A pony and cart stood by; I picked up logs and loaded them on to the cart. I was often aware, even at 10 or 11 years old, that my father was very tired, not with a natural temporary tiredness that passed with a good night’s sleep, but a deeper weariness that slowed him down and never quite left him.
I remember him scything hay, raking and loading it—with my help, which didn’t make a great deal of difference. He had been told to finish the job that day, though it should have been given at least half a day more. Between the hayfield and the store there was a steep hill; I remember the pony stopping on the hill, unable to go any further. We got down from the cart and gently led him to the top, pausing now and then. ‘Daddy, this is too hard,’ I said. ‘Aye son’, he replied. ‘He’s killing horse and man’.
Not long after, he suffered a fatal heart attack. Had he retired at the usual age, perhaps it would have happened anyway. But it is hard to escape the thought that he was, like his mother, worked to death.
He did hard manual work almost without a break from the age of 8 until he was 76. He never received a fair reward for his labour, or the respect he deserved.
A few years later I was at university, in contact with ideas of many sorts, including political radicalism. I became a communist, partly through the influence of a Marxist history lecturer, but also as the meaning of my family history began to take shape in my mind. My father’s life, and that of the women in his life, especially his mother, perfectly illustrated Marx’s theory of Surplus Value.
Workers receive only a fraction of the value of the goods or services they produce. Put another way, out of every 8 hours a man or woman works, he or she is paid in wages only two hours worth at most.
The rest is taken by the capitalist. Certainly some of this is reinvested in the enterprise, but a great deal of it augments the owner’s personal wealth and that of his shareholders.
Well, as soon as you learn about Stalin’s crimes it’s hard to go on being a communist. But something remains to this day, in spite of Stalin: an ethos, a set of principles that (for me) cannot be invalidated. Up to a point I am still a communist, and refuse to write off the communist regimes of the past. Even in the blighted Soviet Union, the son or daughter of a rural worker could have a free education, all the way through university, and become an academic, a scientist or an engineer.
Opportunities for girls were virtually equal to those for boys. (My own generation in Britain had similar opportunities, thanks to the 1945 Labour Government.)
My father, the workers who produced Howie toilet bowls, my grandmother who bore twelve children and ended her life working in a rope factory, were all exploited. They were poor because the wealth they created was expropriated by others. It was not only material deprivation that they suffered; they were deprived of health and wellbeing, and their sense of their own worth was continually undermined, so that whatever selfesteem they could muster had to be found within themselves.

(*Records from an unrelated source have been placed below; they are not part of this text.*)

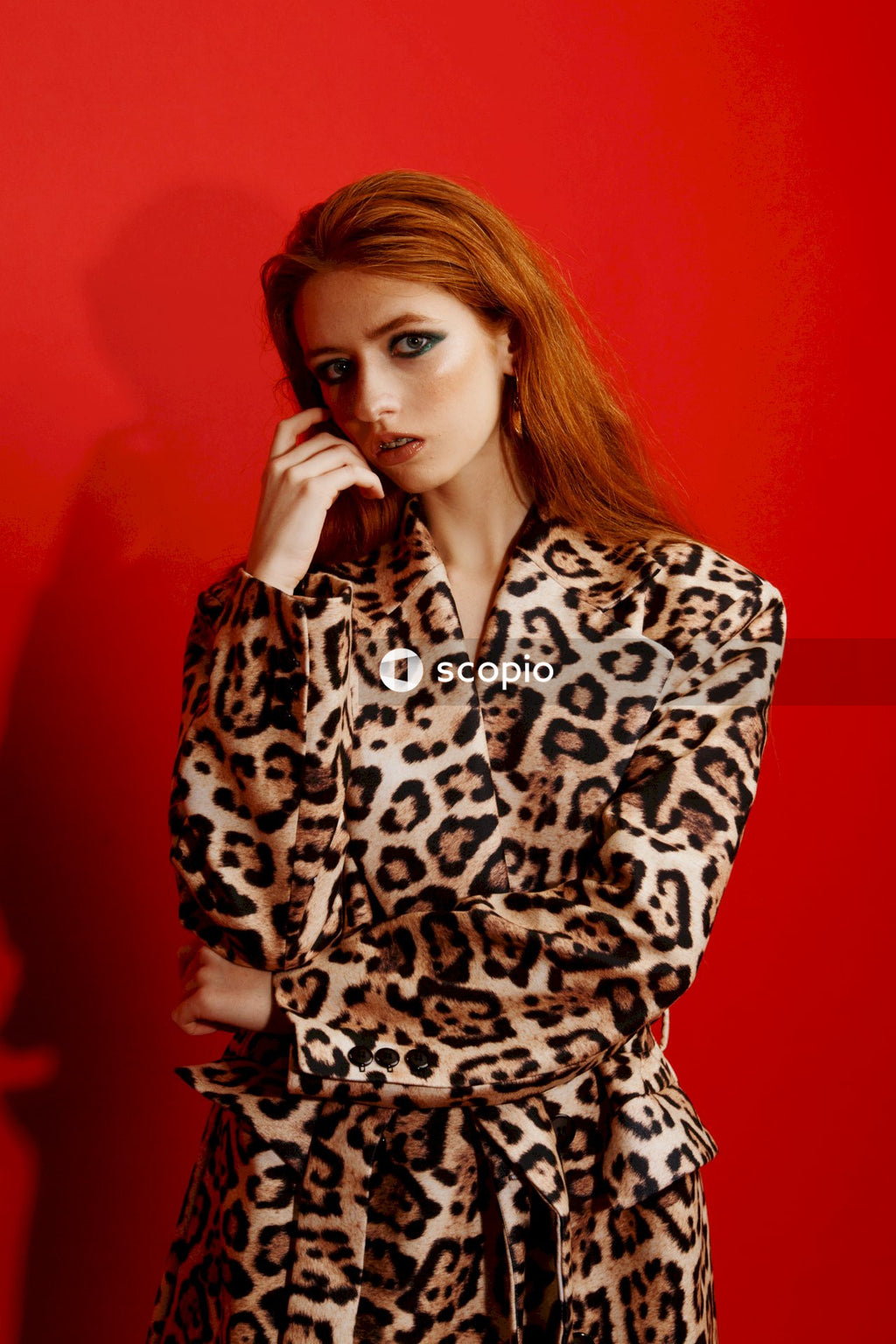 Woman in black and white leopard print long sleeve shirt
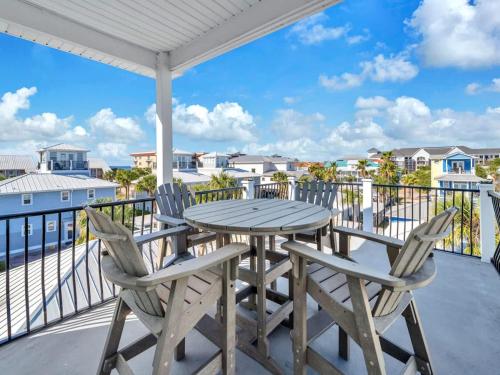 een tafel en stoelen op een balkon met uitzicht op de oceaan bij Blue Coconut in Destin
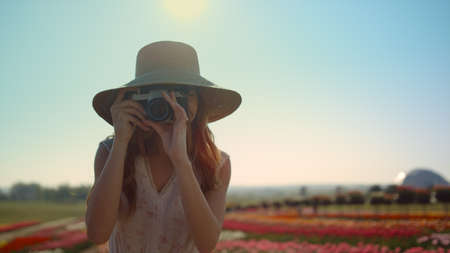 Professional woman photographer making photo in beautiful spring garden with many flowers. Pretty...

No oneever expressed this ethos more eloquently than Gerrard Winstanley, speaking for the Diggers and Levellers in the English Revolution: ‘The Earth was made to be a Common Treasury for all mankind, without respect of persons’. My father should have had a real share in the piece of Earth he husbanded: the right to make decisions as to the use that was made of it. It could have been made more productive; fields that were used only to graze foxhunting horses, or were not used at all, could have been cultivated. My grandmother should have been a member of the board of management of a ropemaking cooperative, an enterprise that had no need of an individual wealthy owner or external shareholders.
My father, and those he loved, never received their due share of the Common Treasury. I visit his grave, and think of these things.